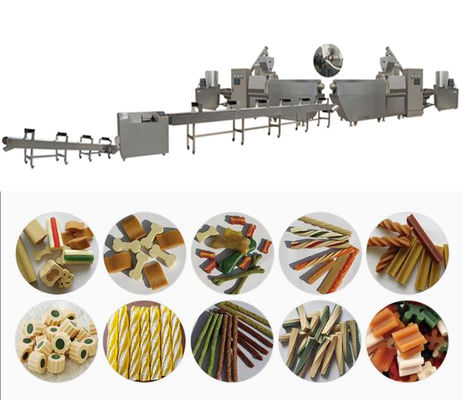 Ss Dental Care Dog Food Extruder Chewing Gum Snack Food Production Line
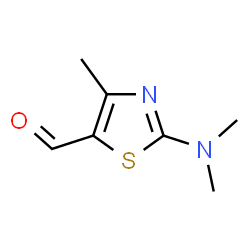 ChemSpider 2D Image | 2-(dimethylamino)-4-methylthiazole-5-carbaldehyde | C7H10N2OS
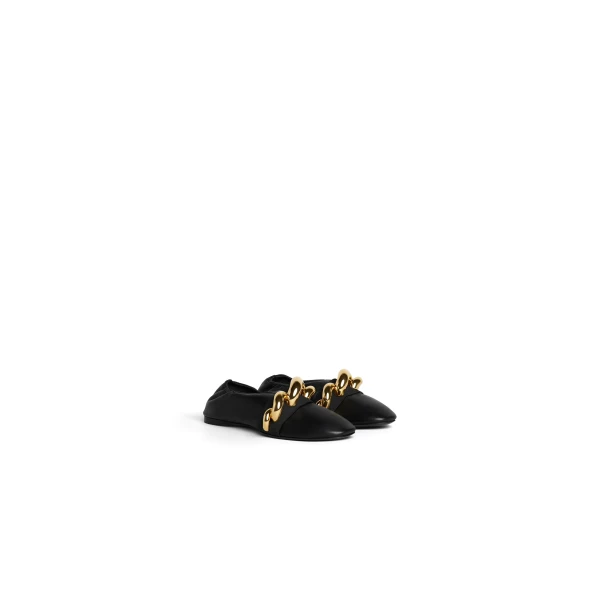 Alaia Jewel Slippers in Leather, Black | Flats | Coveti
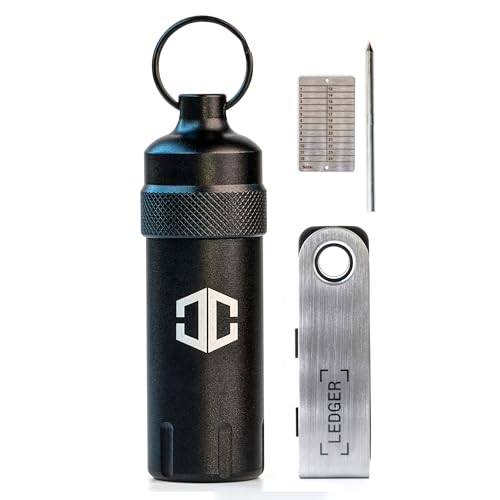 Aluminum Crypto Case for Ledger Nano Wallet with Accessories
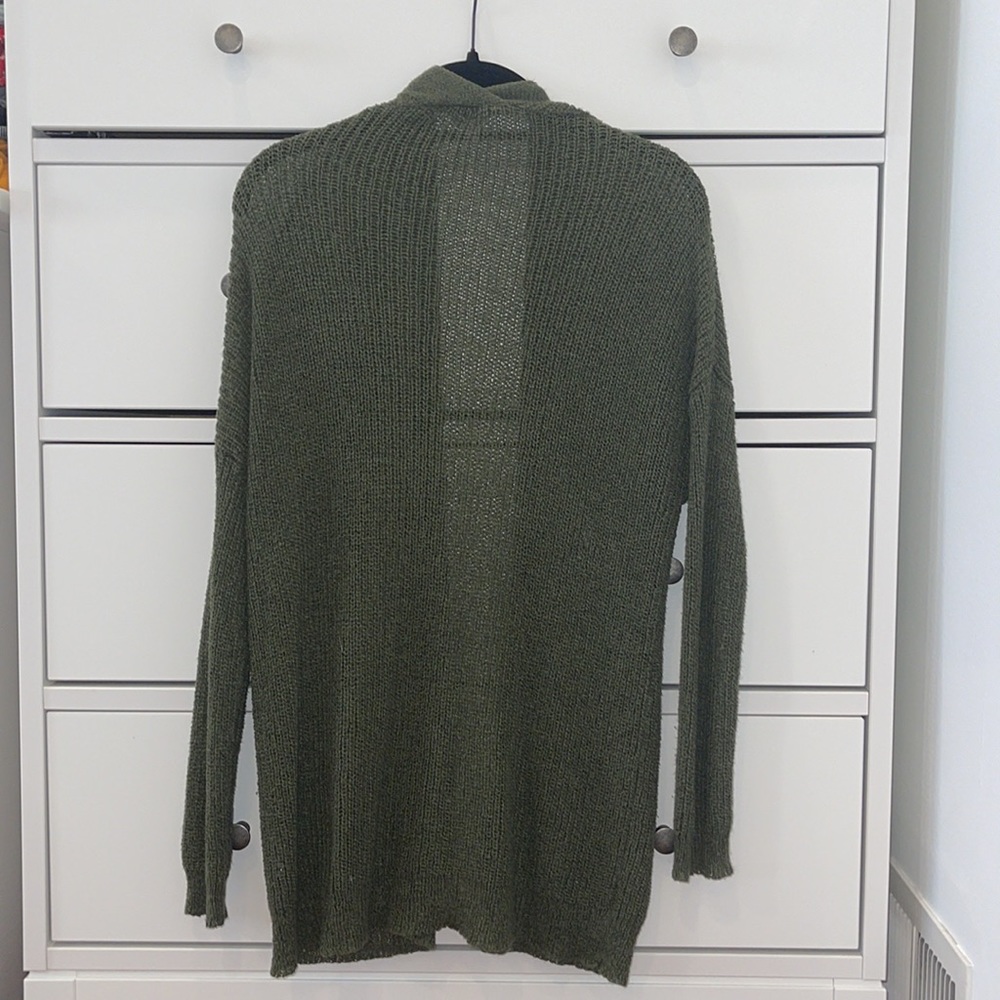 Green Knit Cardigan - Picture 2 of 3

## Exercise requirements
Pictures are to be left out; the records above must be repeated word for word.

## Written answer
 Ss Dental Care Dog Food Extruder Chewing Gum Snack Food Production Line
 ChemSpider 2D Image | 2-(dimethylamino)-4-methylthiazole-5-carbaldehyde | C7H10N2OS
 Alaia Jewel Slippers in Leather, Black | Flats | Coveti
 Aluminum Crypto Case for Ledger Nano Wallet with Accessories
 Green Knit Cardigan - Picture 2 of 3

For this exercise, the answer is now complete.